- Opening Delimiter -

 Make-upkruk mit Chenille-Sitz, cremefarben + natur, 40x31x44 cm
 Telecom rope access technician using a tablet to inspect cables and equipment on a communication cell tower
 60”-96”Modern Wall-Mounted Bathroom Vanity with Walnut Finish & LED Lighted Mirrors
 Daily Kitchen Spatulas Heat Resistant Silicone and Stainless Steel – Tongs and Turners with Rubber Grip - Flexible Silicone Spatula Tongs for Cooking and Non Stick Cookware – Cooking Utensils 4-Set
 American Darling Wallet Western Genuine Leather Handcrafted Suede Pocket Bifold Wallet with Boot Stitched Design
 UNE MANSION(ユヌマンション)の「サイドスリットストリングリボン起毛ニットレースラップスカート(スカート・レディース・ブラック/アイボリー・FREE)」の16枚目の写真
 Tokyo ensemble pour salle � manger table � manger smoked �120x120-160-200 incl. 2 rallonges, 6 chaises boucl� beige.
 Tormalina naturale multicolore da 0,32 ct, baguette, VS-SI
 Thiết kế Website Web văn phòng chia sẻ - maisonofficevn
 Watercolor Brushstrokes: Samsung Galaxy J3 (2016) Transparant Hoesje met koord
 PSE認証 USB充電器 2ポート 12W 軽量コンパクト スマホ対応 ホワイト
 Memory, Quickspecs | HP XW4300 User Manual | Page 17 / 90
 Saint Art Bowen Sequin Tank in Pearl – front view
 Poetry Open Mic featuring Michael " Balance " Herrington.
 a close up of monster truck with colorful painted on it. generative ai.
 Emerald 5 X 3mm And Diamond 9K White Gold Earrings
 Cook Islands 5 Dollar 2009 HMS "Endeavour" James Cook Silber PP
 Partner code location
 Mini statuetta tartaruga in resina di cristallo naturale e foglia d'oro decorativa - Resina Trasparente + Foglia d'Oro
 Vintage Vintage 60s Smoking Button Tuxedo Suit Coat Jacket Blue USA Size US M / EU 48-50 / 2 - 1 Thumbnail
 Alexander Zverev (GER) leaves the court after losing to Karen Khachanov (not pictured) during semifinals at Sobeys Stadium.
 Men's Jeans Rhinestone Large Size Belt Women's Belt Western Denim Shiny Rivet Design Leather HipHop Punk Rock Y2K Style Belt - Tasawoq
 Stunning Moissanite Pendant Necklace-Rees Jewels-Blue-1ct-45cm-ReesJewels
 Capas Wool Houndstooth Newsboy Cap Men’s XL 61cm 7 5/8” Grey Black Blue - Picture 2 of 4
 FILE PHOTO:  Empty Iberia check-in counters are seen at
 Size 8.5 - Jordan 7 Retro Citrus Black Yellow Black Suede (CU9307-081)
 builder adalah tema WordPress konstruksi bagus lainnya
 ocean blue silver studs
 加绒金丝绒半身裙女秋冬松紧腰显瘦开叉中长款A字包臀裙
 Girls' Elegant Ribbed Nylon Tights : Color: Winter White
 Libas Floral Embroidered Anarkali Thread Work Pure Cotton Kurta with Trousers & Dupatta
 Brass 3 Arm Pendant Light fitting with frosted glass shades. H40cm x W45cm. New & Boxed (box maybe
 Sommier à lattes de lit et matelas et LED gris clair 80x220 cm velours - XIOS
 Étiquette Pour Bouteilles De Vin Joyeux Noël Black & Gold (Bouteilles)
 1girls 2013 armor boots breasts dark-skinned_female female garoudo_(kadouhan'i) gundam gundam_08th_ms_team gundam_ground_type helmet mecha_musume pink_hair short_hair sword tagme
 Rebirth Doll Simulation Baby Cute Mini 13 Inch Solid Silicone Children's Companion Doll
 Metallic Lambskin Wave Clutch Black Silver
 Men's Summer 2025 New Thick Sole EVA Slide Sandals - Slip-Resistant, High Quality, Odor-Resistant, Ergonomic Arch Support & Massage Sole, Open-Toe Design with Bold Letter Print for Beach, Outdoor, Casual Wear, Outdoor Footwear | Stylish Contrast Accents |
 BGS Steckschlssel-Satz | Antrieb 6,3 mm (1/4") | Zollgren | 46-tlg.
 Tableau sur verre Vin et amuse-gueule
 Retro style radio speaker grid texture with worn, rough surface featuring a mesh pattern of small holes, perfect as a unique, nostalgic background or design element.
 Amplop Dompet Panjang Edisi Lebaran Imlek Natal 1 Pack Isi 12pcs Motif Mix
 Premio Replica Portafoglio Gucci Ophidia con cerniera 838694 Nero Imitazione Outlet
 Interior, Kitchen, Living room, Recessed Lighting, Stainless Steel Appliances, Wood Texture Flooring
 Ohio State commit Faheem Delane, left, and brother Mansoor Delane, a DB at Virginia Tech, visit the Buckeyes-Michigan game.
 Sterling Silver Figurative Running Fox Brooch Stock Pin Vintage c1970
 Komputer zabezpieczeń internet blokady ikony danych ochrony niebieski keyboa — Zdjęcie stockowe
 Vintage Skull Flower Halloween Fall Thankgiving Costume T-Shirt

- Closing Delimiter -

- [TO DO]: Go through the entries above and pull out each line with "Pendant" in it.

- [OUTPUT OF THE TASK]:
 Stunning Moissanite Pendant Necklace-Rees Jewels-Blue-1ct-45cm-ReesJewels
 Brass 3 Arm Pendant Light fitting with frosted glass shades. H40cm x W45cm. New & Boxed (box maybe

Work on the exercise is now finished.